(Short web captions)
┄┄┄┄┄┄┄┄┄┄

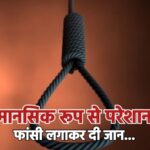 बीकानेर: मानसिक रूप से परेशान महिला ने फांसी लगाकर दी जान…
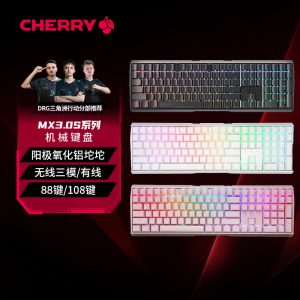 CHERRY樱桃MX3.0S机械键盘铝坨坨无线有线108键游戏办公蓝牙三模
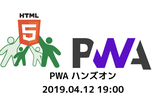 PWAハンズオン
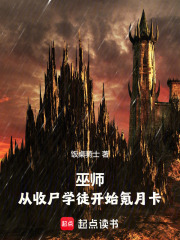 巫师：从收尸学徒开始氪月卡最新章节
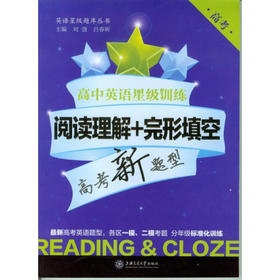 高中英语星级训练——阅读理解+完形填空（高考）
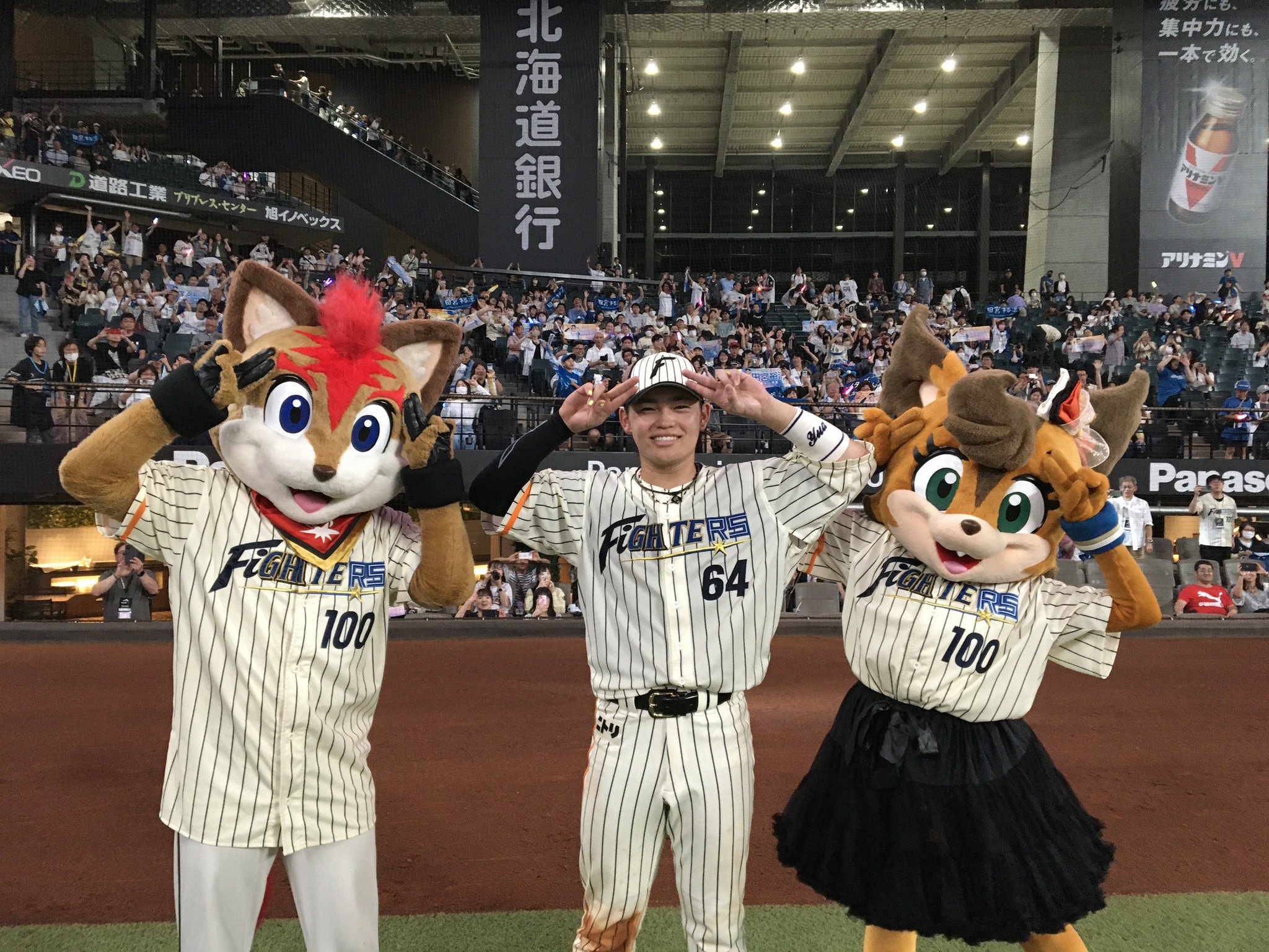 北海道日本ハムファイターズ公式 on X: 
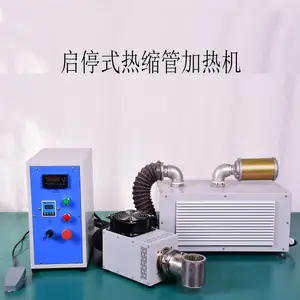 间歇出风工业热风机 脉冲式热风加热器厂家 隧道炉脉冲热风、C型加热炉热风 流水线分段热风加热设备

┄┄┄┄┄┄┄┄┄┄

• **REQUIREMENT**
Pictures aside, every entry above must be repeated exactly.

• **OUTPUT OF THE EXERCISE**
 बीकानेर: मानसिक रूप से परेशान महिला ने फांसी लगाकर दी जान…
 CHERRY樱桃MX3.0S机械键盘铝坨坨无线有线108键游戏办公蓝牙三模
 PWAハンズオン
 巫师：从收尸学徒开始氪月卡最新章节
 高中英语星级训练——阅读理解+完形填空（高考）
 北海道日本ハムファイターズ公式 on X: 
 间歇出风工业热风机 脉冲式热风加热器厂家 隧道炉脉冲热风、C型加热炉热风 流水线分段热风加热设备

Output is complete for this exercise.